Professor Deborah Terry, Chancellor of UQ, said that the current numbers may be a trend they were witnessing prior to the pandemic. Last year, some students deferred their admission but now they have started to realise that they cannot bide their time. They are studying online with the hope that borders will reopen and they can experience on-campus learning.
However, if the borders continue to remain closed, their viewpoint might change which might lead to decline in the number of students in the next semesters, she added.
Universities like RMIT University have seen a 25% decline in international student enrolments, as compared to the same time in 2020.
The chief executive of the Group of Eight, Vicki Thomson, said in February this year that the government of China has asked students to stay away from Australia.

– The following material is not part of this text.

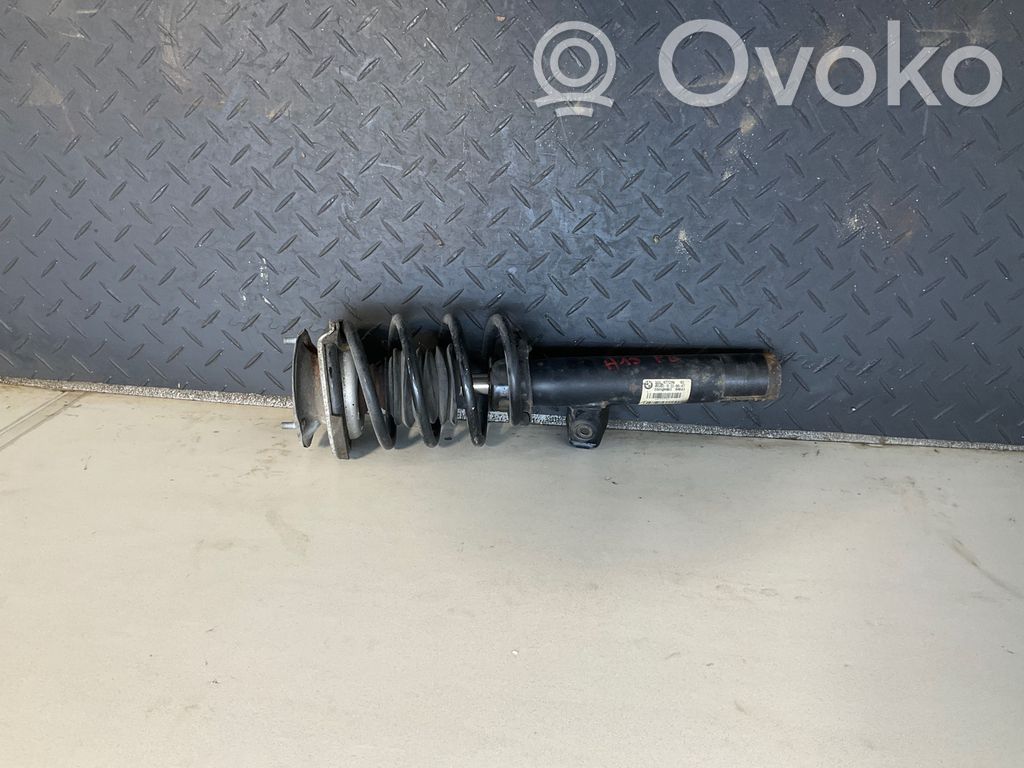 Front shock absorber with coil spring   6772219,E60V009BX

However, a spokesperson of the University of Sydney said at the time that they had not received any reports of students being told not to enrol with them.
While the universities of Newcastle and Adelaide are offering 20% fee discounts, Charles Sturt University is offering a 30% scholarship to foriegn students who study in Australia and have been impacted by Covid-19 border closures.
Universities in Australia have also recorded an increase in domestic postgraduate enrolments.
In addition, data released in 2021 by the education department showed that full-fee paying loans have either doubled or tripled at certain universities. The University of Adelaide forecast fee-help loans to increase from $11.4m to $21.9m, Charles Darwin University to rise from $470,00 to $1.38m, Central Queensland University to rise from $10.46m to $20.41m and Monash University to increase from $78.7m to $104.2m.